Shime considered the usual remedy of reinstatement. But since GTAA breached its obligation of trust, reinstatement wasn’t appropriate. Instead, the grievor was entitled to compensation for future economic loss.

Shime described the grievor’s seniority as being much like “a capital asset or investment” since it served to enhance her financial future by way of wage and benefit increases and protection from layoffs. Payment in lieu of common law notice wouldn’t compensate for the loss of seniority. Rather, given the grievor’s age and length of service, the arbitrator found it most probable that the grievor would have remained at GTAA until age 55, when she would have been eligible for a full pension, and awarded damages to compensate her for the $30,000 a year drop in her earning potential (and lost pension) to age 55. This was in addition to damages for lost earnings over the six years it took to hear the case.

3. Jurisdiction to award damages for mental stress and punitive damages
Shime didn’t stop there. He also awarded the grievor $50,000 for mental stress. His rationale was the employer’s breach of the collective agreement and its object of providing “psychological benefit and mental security.” Mental stress was a reasonably foreseeable outcome of discharge, he decided.

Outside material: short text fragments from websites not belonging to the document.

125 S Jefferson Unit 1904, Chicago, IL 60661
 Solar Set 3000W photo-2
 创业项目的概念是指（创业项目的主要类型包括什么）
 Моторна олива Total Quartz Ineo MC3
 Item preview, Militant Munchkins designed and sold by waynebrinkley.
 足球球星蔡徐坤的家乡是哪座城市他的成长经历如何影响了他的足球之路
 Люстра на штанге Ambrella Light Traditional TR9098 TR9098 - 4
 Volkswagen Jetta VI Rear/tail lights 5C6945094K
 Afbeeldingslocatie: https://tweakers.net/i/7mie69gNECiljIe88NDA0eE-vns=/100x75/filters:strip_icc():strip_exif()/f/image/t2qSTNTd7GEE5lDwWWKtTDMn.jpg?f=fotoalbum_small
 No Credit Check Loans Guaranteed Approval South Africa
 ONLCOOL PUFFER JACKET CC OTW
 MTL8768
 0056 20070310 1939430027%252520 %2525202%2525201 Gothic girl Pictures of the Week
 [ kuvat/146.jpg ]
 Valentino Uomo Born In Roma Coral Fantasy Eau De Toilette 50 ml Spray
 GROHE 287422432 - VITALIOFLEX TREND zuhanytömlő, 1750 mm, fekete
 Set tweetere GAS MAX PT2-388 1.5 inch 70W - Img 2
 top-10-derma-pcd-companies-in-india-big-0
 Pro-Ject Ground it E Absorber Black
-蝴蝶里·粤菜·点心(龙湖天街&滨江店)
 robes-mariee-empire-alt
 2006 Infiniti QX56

He also found that GTAA’s treatment of the grievor is “a marked departure from the ordinary standards of decent behaviour” and awarded punitive damages of $50,000 to accomplish the objectives of deterrence and denunciation as to what had occurred.

Takeaways for employers
GTAA has applied for judicial review of this decision. If allowed to stand, we can expect to see more grievances in Canada alleging bad faith and breach of trust on the part of employers, accompanied by increased demands for damages based on loss of “seniority.” As well, in particularly egregious cases of bad faith, mental distress and punitive damages are bound to result. However, regardless of the outcome on judicial review, this case highlights the need to “discharge with care” in Canada and provides some practical lessons for employers, namely:

  • If you don’t have the requisite medical expertise to second guess an employee’s physician, don’t. Get clarification of the physician’s diagnosis or a second medical opinion.
  • Exercise caution when dealing with videotape evidence. Video surveillance can be a useful tool in dealing with absenteeism problems, but videotapes and reports must be reviewed by people with appropriate expertise.
  • There’s really no such thing as zero tolerance for long service employees with a clean record. Their record will likely afford them a second chance.